(Stored data)
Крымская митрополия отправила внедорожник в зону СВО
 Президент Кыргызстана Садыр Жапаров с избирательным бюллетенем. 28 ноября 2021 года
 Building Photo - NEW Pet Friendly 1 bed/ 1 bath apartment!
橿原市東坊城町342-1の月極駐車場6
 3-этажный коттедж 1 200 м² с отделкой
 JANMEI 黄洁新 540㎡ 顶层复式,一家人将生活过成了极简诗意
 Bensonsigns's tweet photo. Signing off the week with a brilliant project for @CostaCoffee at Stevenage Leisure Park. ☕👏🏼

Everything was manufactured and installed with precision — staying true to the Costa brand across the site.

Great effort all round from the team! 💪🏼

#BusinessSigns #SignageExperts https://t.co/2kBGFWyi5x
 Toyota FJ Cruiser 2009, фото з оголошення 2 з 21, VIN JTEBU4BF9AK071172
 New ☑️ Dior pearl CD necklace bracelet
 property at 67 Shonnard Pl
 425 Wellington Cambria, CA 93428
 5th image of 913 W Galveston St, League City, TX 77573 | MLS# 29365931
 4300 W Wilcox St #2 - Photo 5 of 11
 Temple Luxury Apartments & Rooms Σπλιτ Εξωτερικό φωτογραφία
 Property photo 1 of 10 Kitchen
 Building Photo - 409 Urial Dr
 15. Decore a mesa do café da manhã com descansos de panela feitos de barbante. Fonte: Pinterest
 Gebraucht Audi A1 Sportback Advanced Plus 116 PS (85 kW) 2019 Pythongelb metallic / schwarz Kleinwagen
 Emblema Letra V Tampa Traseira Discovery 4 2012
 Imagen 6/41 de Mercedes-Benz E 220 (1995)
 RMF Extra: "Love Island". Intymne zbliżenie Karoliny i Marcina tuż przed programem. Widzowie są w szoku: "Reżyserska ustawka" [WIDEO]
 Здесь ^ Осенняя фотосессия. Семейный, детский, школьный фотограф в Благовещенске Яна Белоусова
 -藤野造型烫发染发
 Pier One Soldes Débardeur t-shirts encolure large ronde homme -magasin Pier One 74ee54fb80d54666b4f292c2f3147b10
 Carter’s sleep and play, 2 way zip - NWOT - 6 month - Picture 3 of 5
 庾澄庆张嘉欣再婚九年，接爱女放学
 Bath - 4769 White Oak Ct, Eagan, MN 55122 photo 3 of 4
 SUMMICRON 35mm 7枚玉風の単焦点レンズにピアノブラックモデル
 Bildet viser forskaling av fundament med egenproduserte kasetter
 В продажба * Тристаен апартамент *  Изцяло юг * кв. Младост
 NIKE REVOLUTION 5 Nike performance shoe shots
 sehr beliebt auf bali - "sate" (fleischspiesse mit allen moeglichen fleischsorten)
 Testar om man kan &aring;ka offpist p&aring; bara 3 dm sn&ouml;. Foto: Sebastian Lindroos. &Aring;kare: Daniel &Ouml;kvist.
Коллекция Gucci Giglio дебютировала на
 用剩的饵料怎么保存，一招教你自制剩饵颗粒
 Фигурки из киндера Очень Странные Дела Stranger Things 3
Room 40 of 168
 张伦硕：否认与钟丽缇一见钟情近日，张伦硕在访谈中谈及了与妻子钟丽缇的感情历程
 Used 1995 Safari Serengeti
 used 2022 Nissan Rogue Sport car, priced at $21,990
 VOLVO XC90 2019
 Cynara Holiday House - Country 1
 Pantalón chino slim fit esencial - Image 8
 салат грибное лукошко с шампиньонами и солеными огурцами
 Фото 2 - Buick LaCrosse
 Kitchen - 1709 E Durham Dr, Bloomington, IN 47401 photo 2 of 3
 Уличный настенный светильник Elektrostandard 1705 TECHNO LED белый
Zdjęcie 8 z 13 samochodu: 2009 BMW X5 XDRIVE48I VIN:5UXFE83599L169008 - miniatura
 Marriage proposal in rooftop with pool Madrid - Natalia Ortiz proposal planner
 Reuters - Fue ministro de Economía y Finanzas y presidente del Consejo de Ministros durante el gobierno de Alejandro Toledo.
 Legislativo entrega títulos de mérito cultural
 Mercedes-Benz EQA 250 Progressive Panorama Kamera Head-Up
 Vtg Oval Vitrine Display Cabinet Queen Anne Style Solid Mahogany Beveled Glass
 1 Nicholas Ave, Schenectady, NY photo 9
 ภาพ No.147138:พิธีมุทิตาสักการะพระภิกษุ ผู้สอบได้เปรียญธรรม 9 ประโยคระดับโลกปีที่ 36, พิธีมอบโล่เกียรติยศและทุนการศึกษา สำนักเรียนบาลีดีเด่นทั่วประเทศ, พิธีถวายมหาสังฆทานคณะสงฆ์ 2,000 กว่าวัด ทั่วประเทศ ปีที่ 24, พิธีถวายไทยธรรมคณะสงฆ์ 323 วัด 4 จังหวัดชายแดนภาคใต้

# REQUIRED ACTION
Return the span of lines in the data above that opens at the line with "салат грибное лукошко" and closes at the line with "Marriage proposal in", exactly, ends included, nothing else.

# RESULT OF THIS TASK
 салат грибное лукошко с шампиньонами и солеными огурцами
 Фото 2 - Buick LaCrosse
 Kitchen - 1709 E Durham Dr, Bloomington, IN 47401 photo 2 of 3
 Уличный настенный светильник Elektrostandard 1705 TECHNO LED белый
Zdjęcie 8 z 13 samochodu: 2009 BMW X5 XDRIVE48I VIN:5UXFE83599L169008 - miniatura
 Marriage proposal in rooftop with pool Madrid - Natalia Ortiz proposal planner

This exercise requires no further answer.